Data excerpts
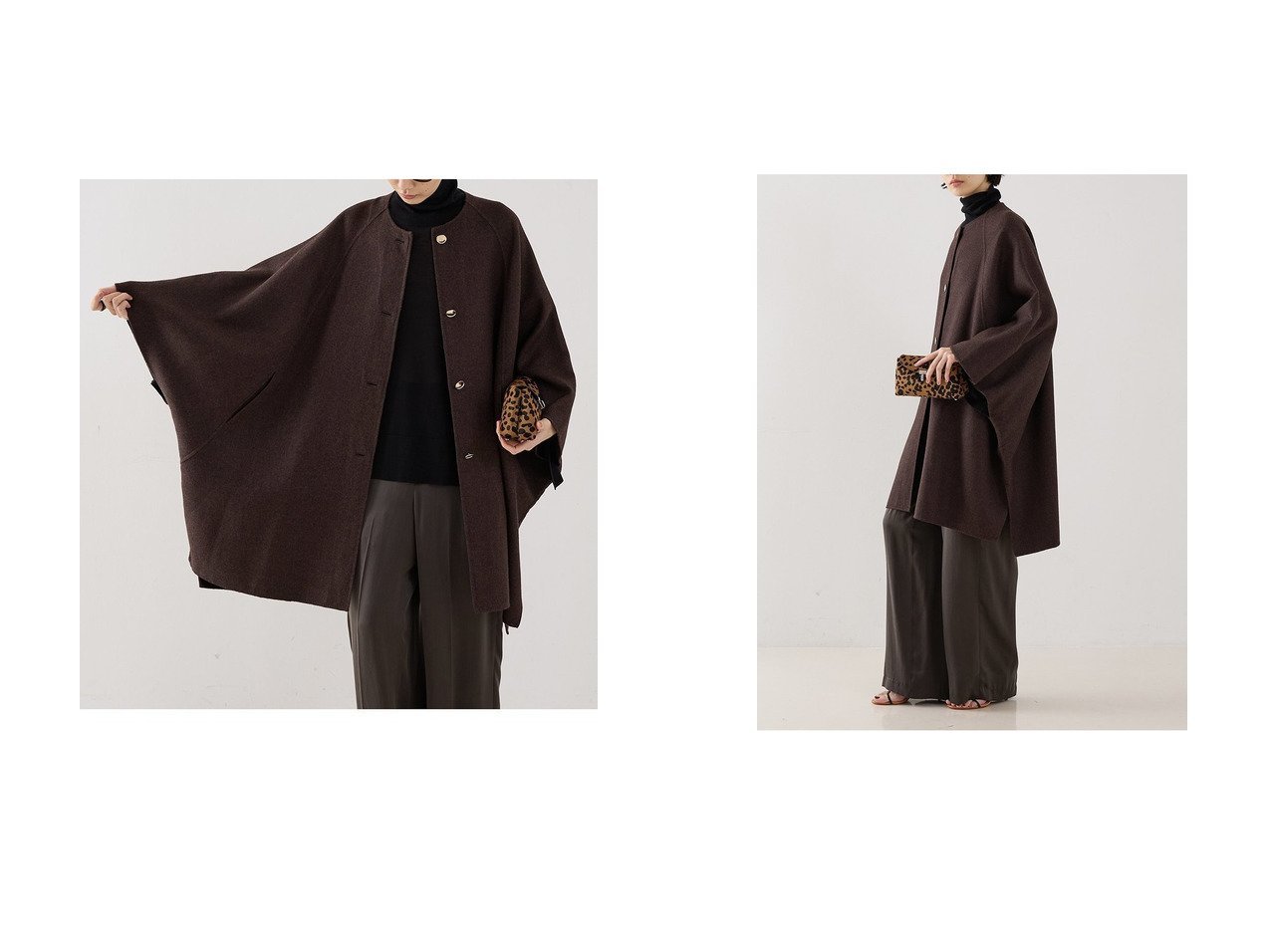 【THE STORE by C/ザ ストア バイ シー】の【V】【COCUCA】リバーカラーケープ おすすめ!トレンド、レディースファッションの通販 おすすめ人気トレンドファッション通販アイテム インテリア・キッズ・メンズ・レディースファッション・服の通販 founy(ファニー)  ファッション Fashion レディースファッション Fashion for Women アウター Coat / Outerwear Collection コート・ロングコート・ピーコート Long Coats, Peacoats & More クラシック Classic, Timeless Style スリット Slit, Slit Detail メタル Metal, Metal Parts ロング Long, Long-Length 別注 Limited Edition, Custom Order 新作・新入荷 New Arrivals / New In ブラック系 Black ブラウン系 Brown |ID:crp329100000224763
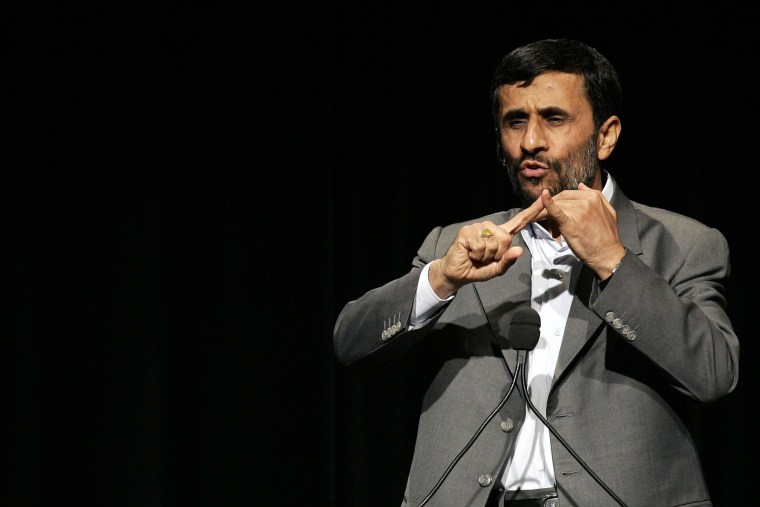 Image: Iranian President Ahmadinejad speaks at Columbia University in 2007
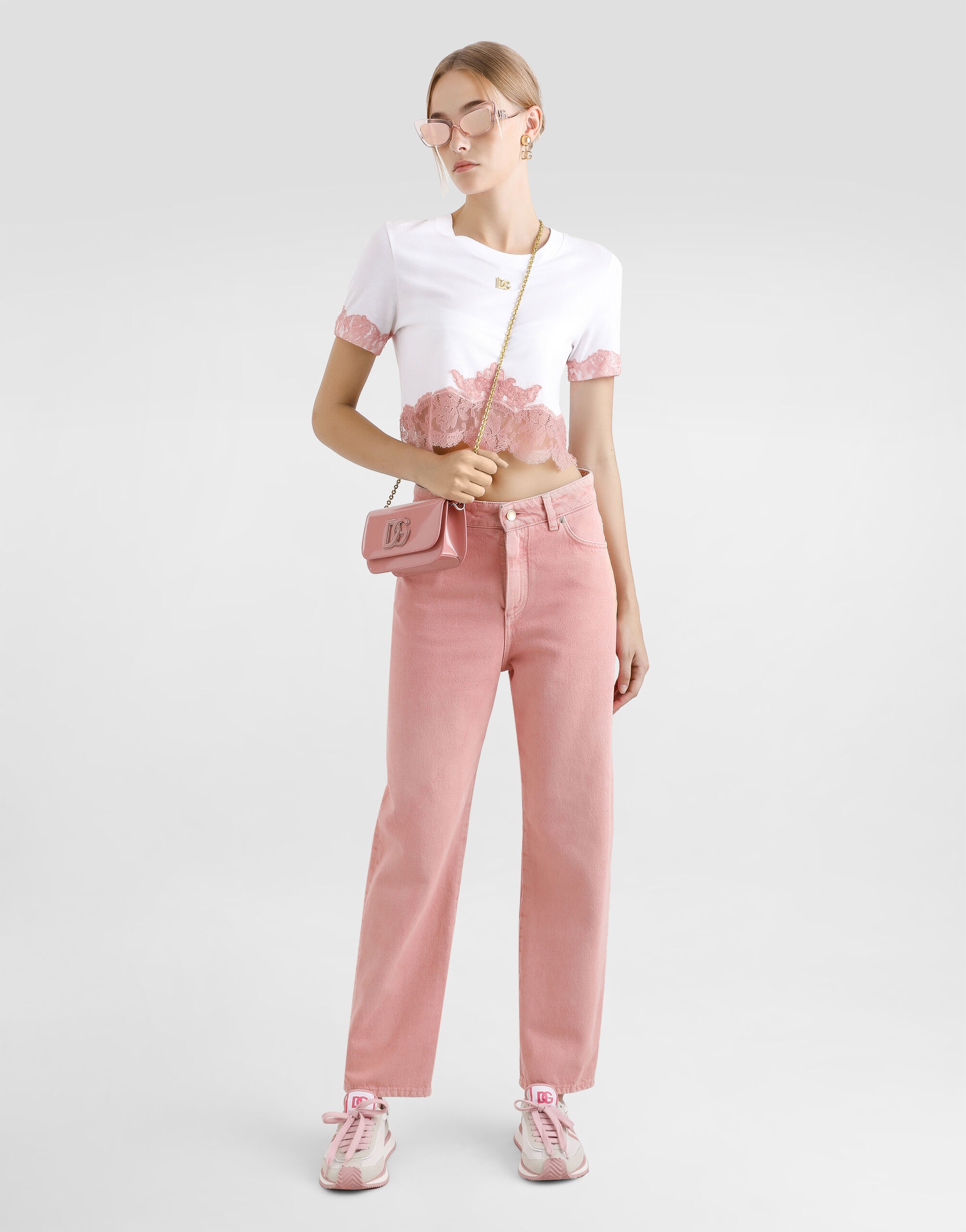 Cropped jersey T-shirt with DG logo and lace inserts - 2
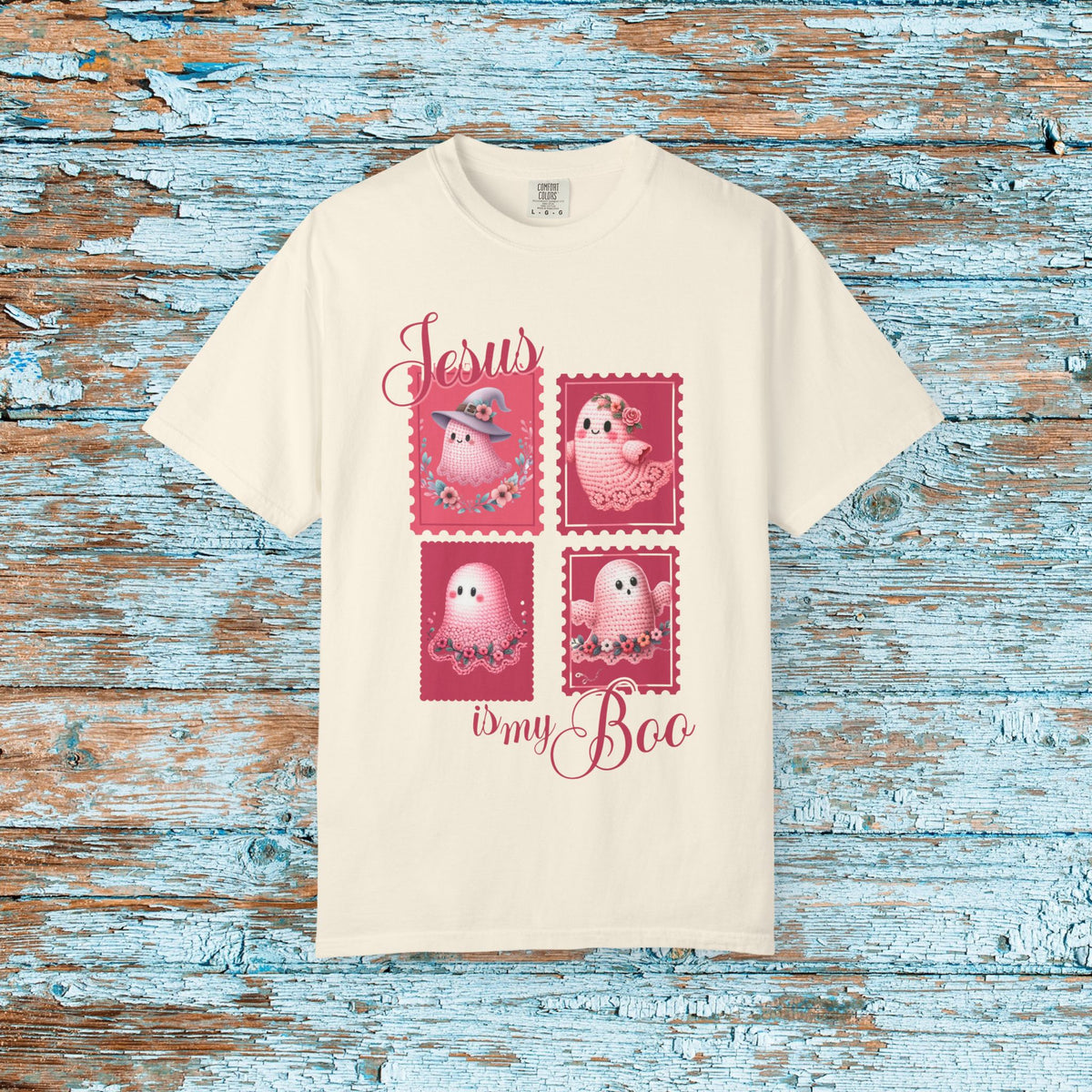 Comfort Colors Christian Halloween Jesus is my Boo Cute Crochet Ghost Postage Stamp Aesthetic Fall T-Shirt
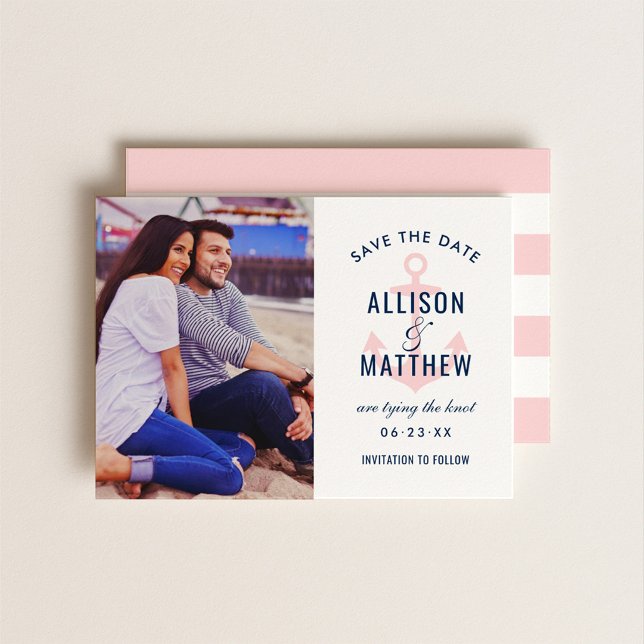 Nautical Anchor Pink Photo Wedding Save The Date (Creator Uploaded)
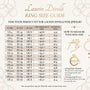 The image is a ring size guide for Laurin Divelli Fine Jewelry. It provides the US and EU sizes for Laurin Divelli Fine Jewelry rings, along with the corresponding UK sizes. The guide also explains how to measure your ring size using the string/paper method.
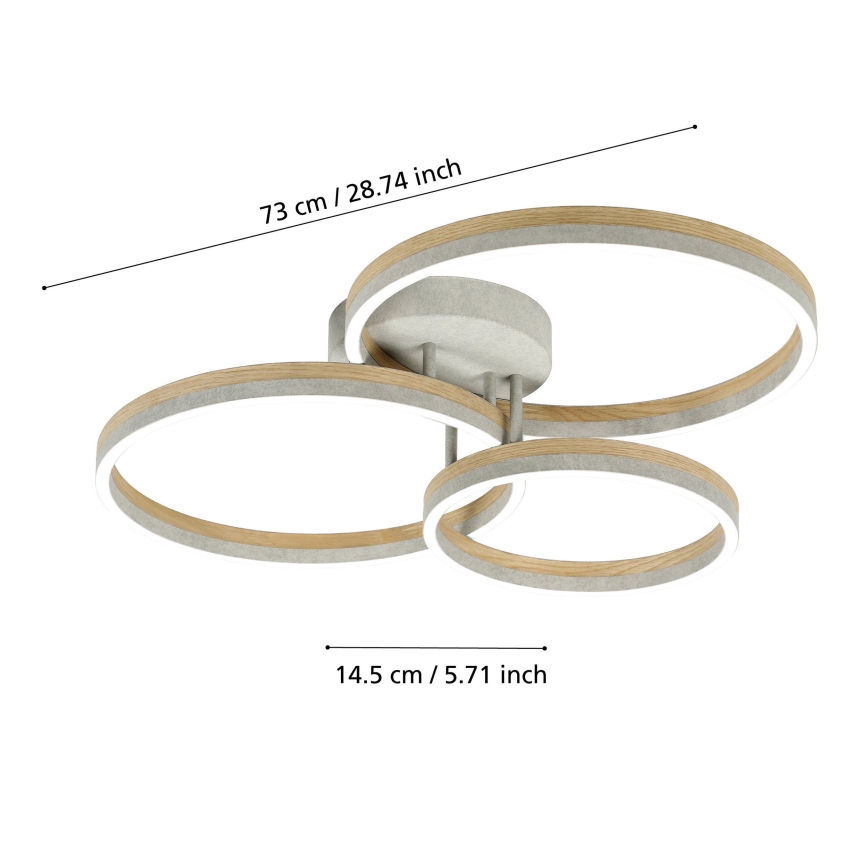 Eglo - Candeeiro integrado LED com regulação LED/12,5W/230V + 2xLED/15,5W 3000K cinzento/castanho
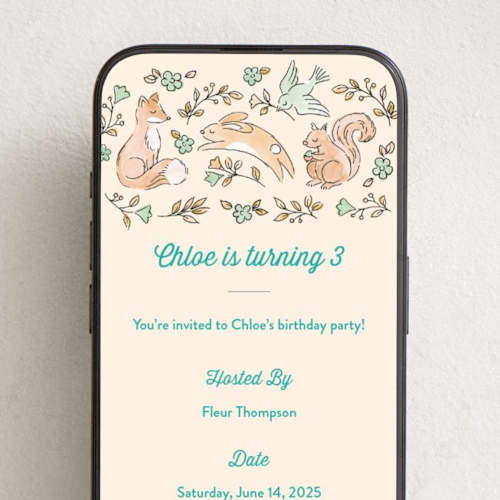 This is a daisy online birthday invitations by Anna Black called woodland fun printing on digital paper in standard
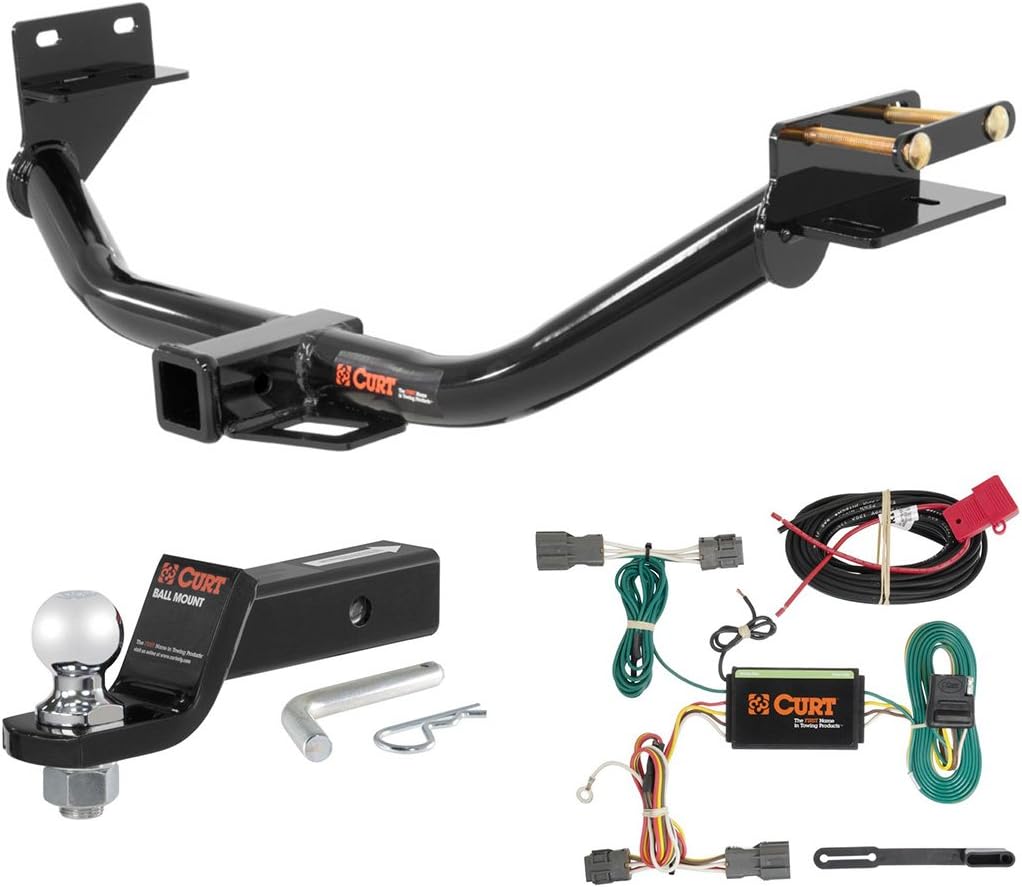 Curt Class 3 Trailer Hitch 2 Inch Receiver with Custom Wiring Harness & Loaded Ball Mount fits 2013 2015 Hyundai Santa Fe Sport | 13152 56184 45036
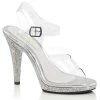 Fabulicious Clear/Silver 4.5" Heel Ankle Strap Sandal Shoes 2 Fabulicious Clear/Silver 4.5" Heel Ankle Strap Sandal Shoes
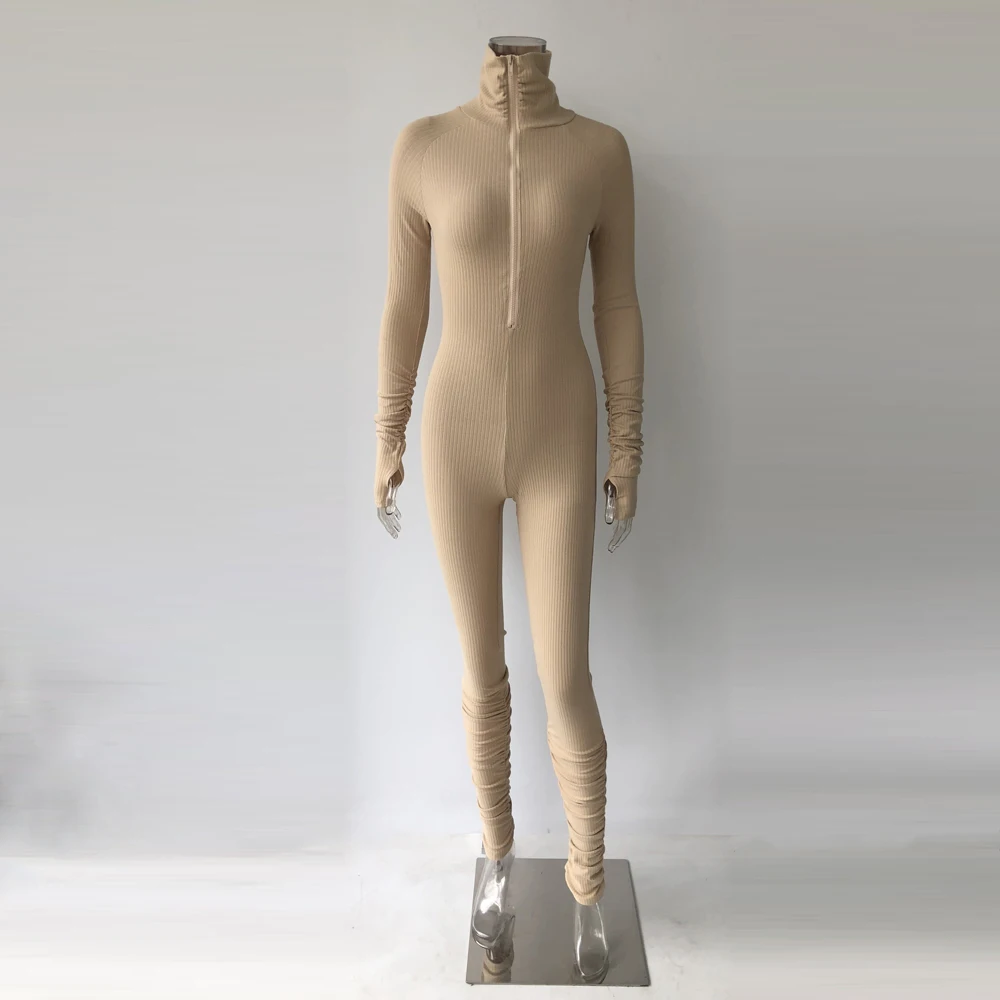 
8358 Hot sales long sleeves women tight zipper casual jumpsuits and rompers cotton Ribbed material classy women jumper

- _Work to complete_: Your task is to give again, unchanged, the lines from the line that contains "Sandal Shoes 2" to the end of the records. Include both end lines but no pictures.

- _Response to this exercise_:
 Fabulicious Clear/Silver 4.5" Heel Ankle Strap Sandal Shoes 2 Fabulicious Clear/Silver 4.5" Heel Ankle Strap Sandal Shoes
8358 Hot sales long sleeves women tight zipper casual jumpsuits and rompers cotton Ribbed material classy women jumper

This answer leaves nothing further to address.